Wichita ethics kerfuffle quashed; lessons learned

On Friday the Wichita Eagle reported that the involvement of Wichita public relations consultant Beth King in a project seeking city approval was a problem for three members of the Wichita City Council. Not so, however, for the city manager, the mayor, and three other council members.

The crux of the problem is that King is engaged to be married to Wichita City Manager Robert Layton.

But now, as reported in the Wichita Eagle King will step down from her assignment of providing public relations support to the project. With that, the problem is solved, according to city hall standards. The story reports: “About an hour after King announced her resignation, Layton announced that all staff work and recommendations on the STAR bond proposal by GoodSports will be approved by Mayor Carl Brewer in an effort to enhance the project’s transparency.”

So now the issue is put to rest. What have we learned?

In a press release, on comments left on this site, and in personal email correspondence, King says that she has made changes to her business model based on her involvement with the city manager. That’s fine.

But King is not a government employee or elected official. She is not constrained by the special set of ethics rules that should apply to those working in government.

Wichita Mayor Carl Brewer and manager Layton, however, are — or should be — constrained by ethics rules different from the private sector. And while Layton has come around — only after realizing that three city council members were concerned — Mayor Brewer still doesn’t see a problem.

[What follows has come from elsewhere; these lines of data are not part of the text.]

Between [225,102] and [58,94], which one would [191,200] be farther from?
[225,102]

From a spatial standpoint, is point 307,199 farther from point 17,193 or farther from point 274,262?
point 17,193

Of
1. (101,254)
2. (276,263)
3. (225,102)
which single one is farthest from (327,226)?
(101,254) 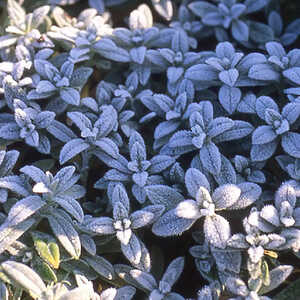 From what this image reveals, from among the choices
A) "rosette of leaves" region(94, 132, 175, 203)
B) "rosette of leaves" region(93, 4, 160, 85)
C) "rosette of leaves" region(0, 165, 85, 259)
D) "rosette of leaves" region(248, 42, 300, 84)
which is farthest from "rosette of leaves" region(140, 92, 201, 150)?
"rosette of leaves" region(0, 165, 85, 259)

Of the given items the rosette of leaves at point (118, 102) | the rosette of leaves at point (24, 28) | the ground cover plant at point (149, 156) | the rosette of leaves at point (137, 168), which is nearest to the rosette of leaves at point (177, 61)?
the ground cover plant at point (149, 156)

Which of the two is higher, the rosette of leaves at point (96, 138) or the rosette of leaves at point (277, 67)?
the rosette of leaves at point (277, 67)

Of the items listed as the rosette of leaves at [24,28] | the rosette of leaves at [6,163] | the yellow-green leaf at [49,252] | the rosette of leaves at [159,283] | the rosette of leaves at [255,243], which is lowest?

That is the lesson Wichitans need to learn from this episode.


  • As some have discussed in other comments, It is time for City Manager Layton to go and for the Mayor to face recall.

  • In a secular government society ethics are not restricted by a suprahuman authority, but exist only to the extent that the individual constrains itself and oaths of allegiance have no validity outside of the that individual definition, which may not exist.